▶ Aim of the exercise
An exact copy is needed of the lines from the one that contains "Sulguy 5-Pack Extra-Strong" through the final line of the data below, with pictures left out.

▶ Data shown
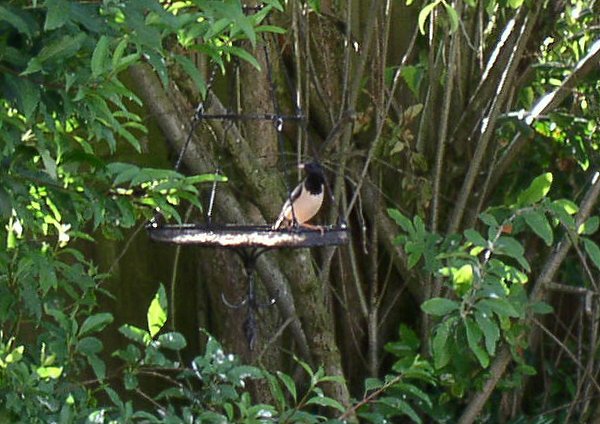 Rose-coloured Starling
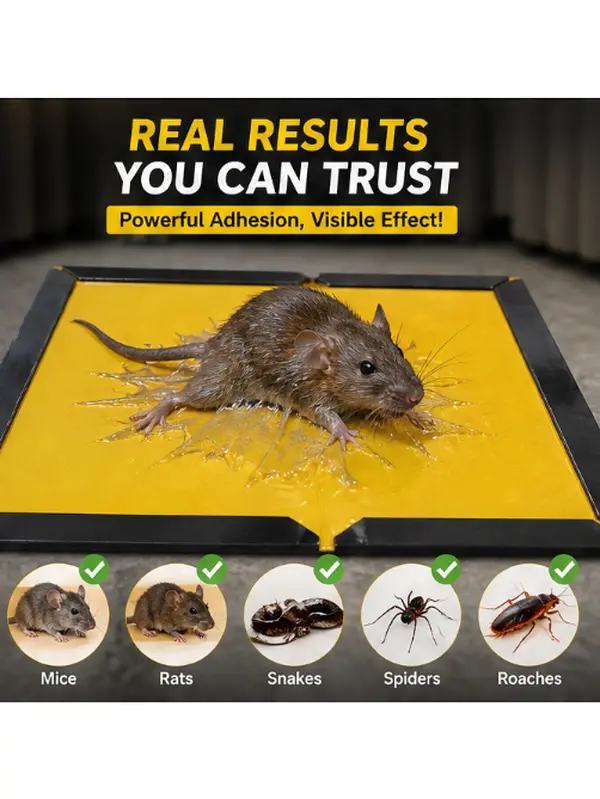 Sulguy 5-Pack Extra-Strong Large Glue Traps for Rats/Mice – Suitable for Indoor & Outdoor Use, Easy to Set Up, Extra-Large Size (8.3" x 12")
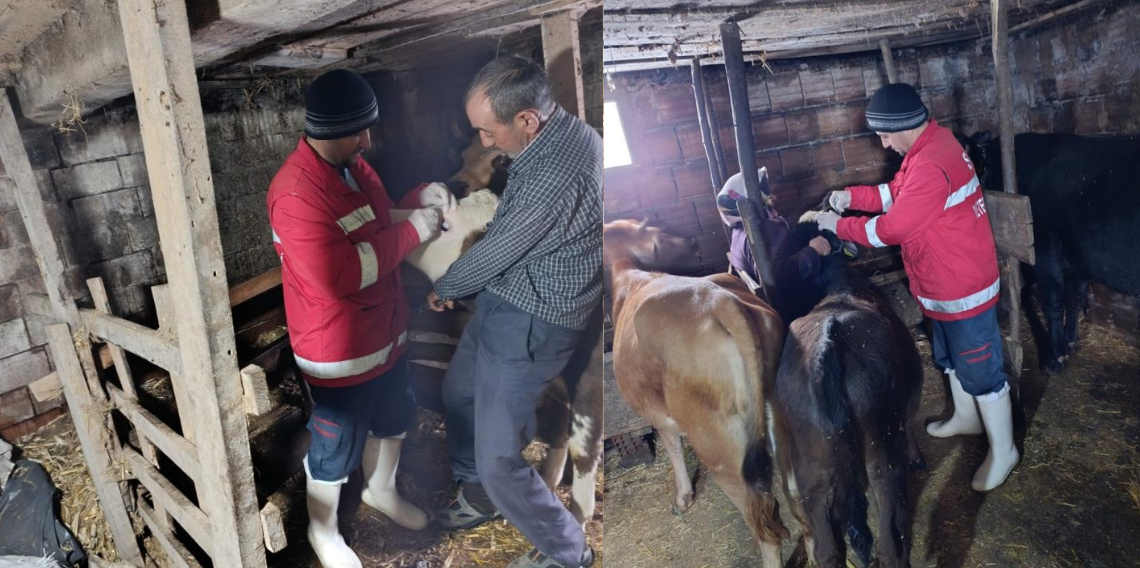 Çarşamba’da Büyükbaş Hayvanlara Şap ve Brusella Aşıları Yapıldı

▶ Result
 Sulguy 5-Pack Extra-Strong Large Glue Traps for Rats/Mice – Suitable for Indoor & Outdoor Use, Easy to Set Up, Extra-Large Size (8.3" x 12")
 Çarşamba’da Büyükbaş Hayvanlara Şap ve Brusella Aşıları Yapıldı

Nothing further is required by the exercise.